- _RAW DATA_
##########

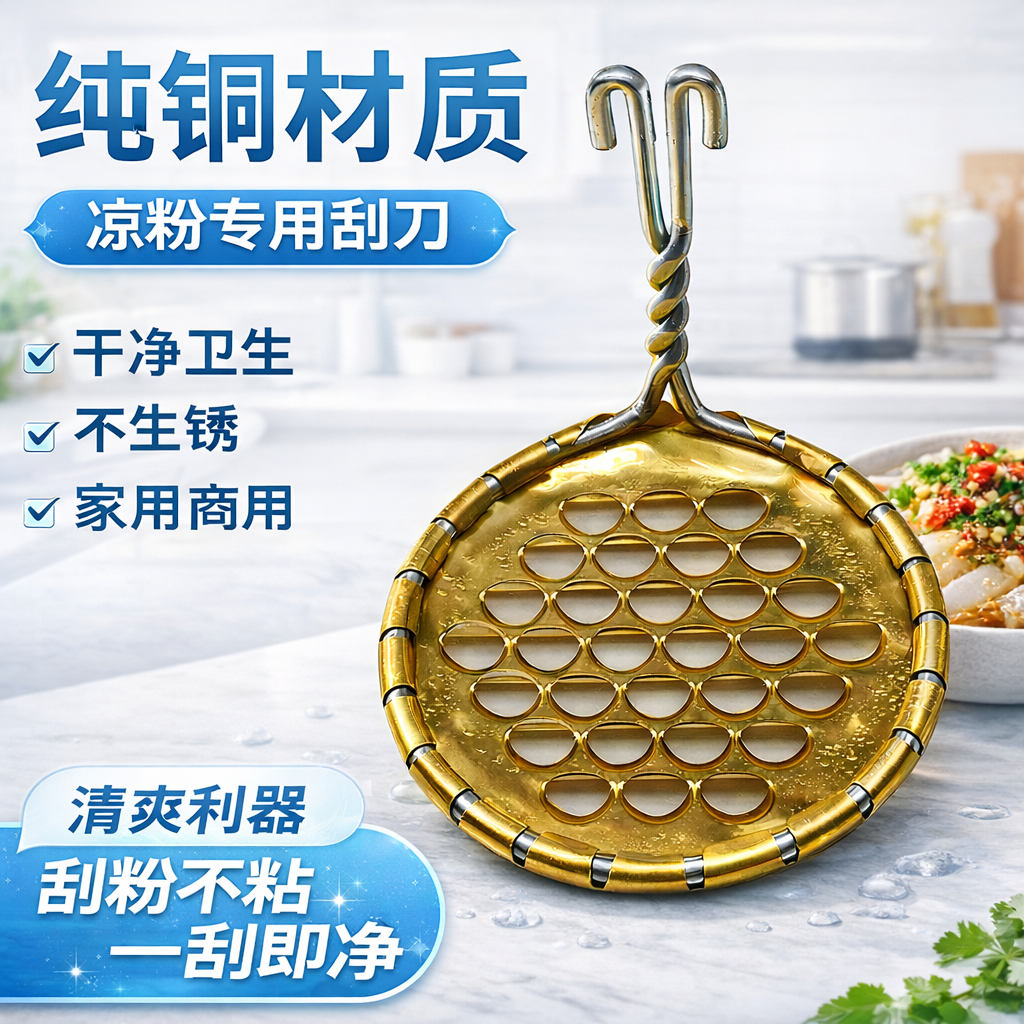 刮凉粉神器凉粉专用刮刀摆摊刮丝器铜的凉粉刮干净不生锈家用商用
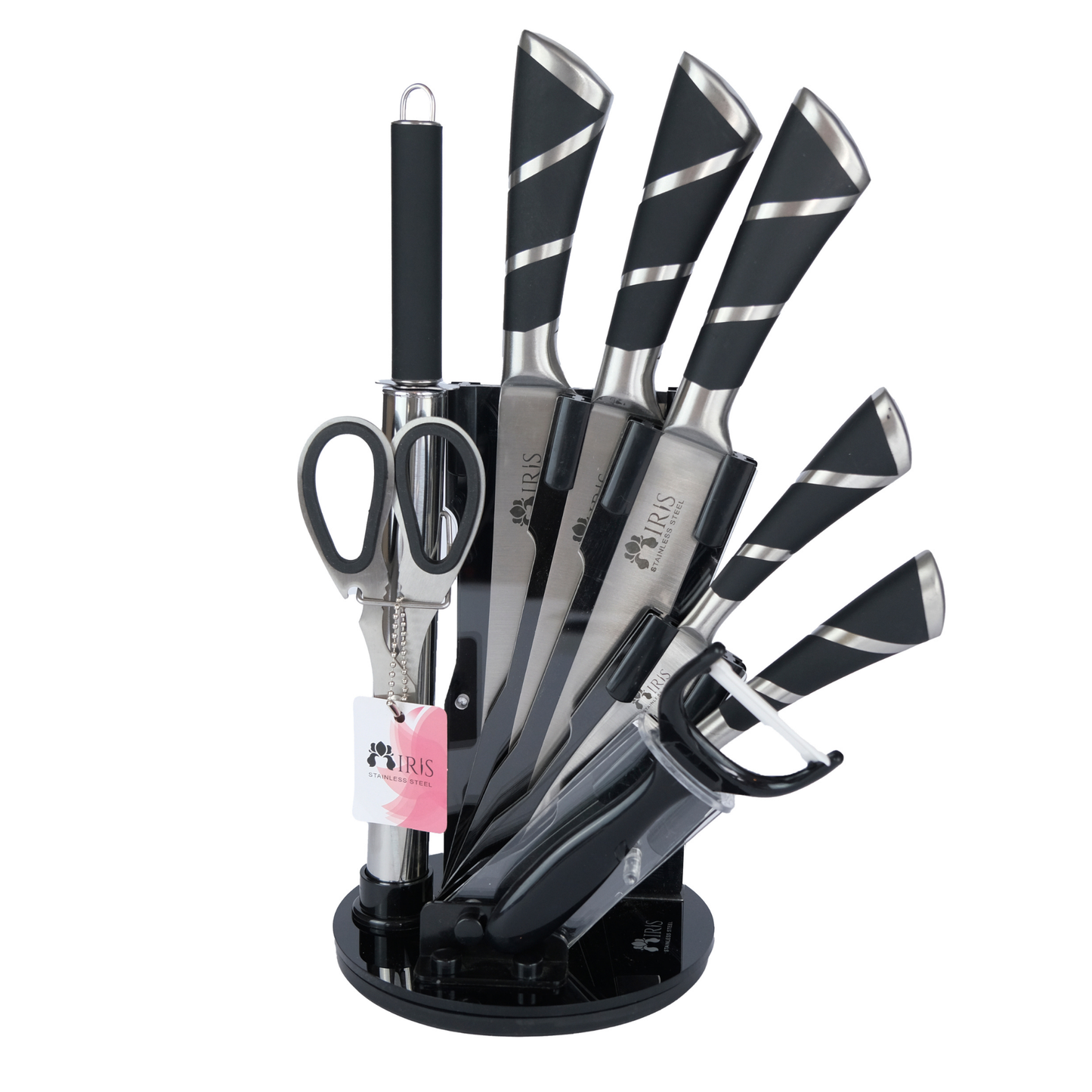 Profesyonel 9 Parça Bıçak Seti – 360° Dönen Stant ile beraber Üstün Keskinlik ve Şık Tasarım Bir Arada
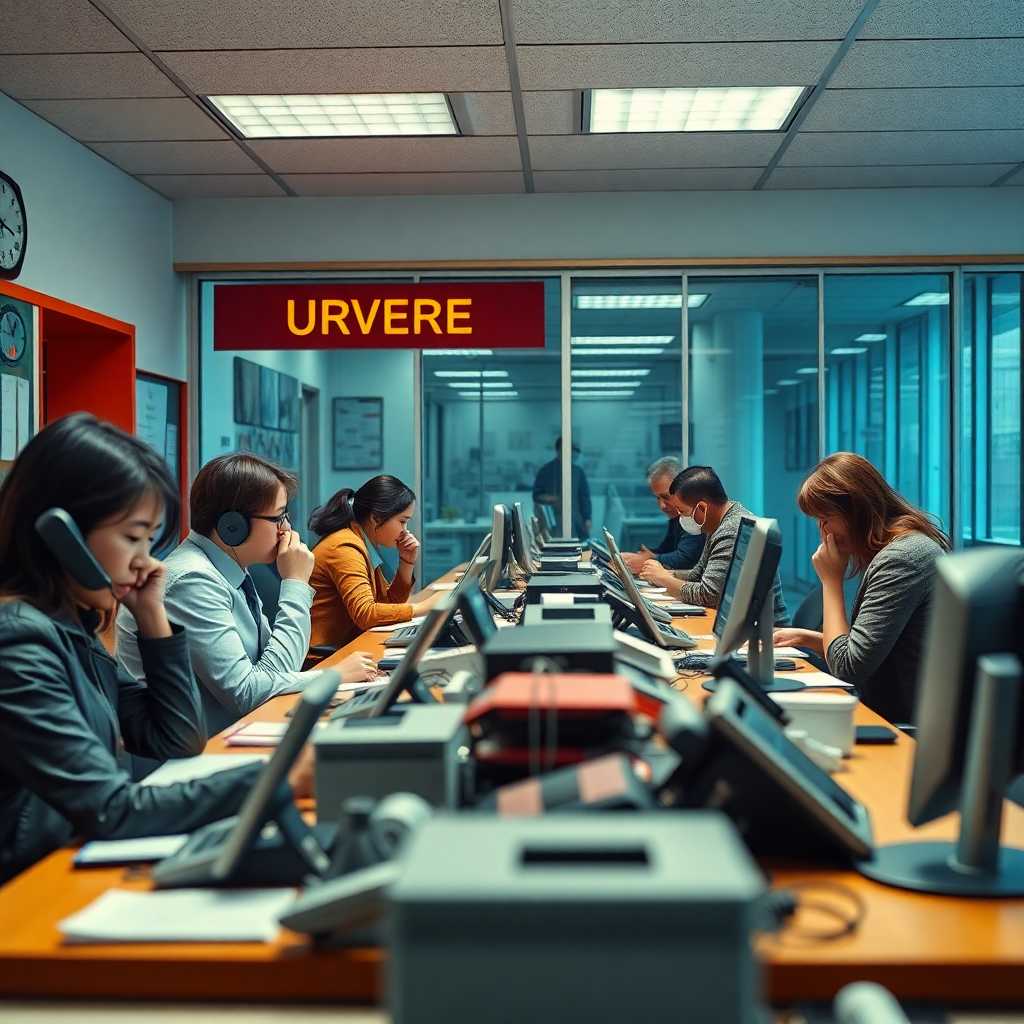 A busy front desk in a courier office with phones ringing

##########

- _TASK OBJECTIVE_
Reproduce the listing exactly, images omitted.

- _WRITTEN ANSWER_
 刮凉粉神器凉粉专用刮刀摆摊刮丝器铜的凉粉刮干净不生锈家用商用
 Profesyonel 9 Parça Bıçak Seti – 360° Dönen Stant ile beraber Üstün Keskinlik ve Şık Tasarım Bir Arada
 A busy front desk in a courier office with phones ringing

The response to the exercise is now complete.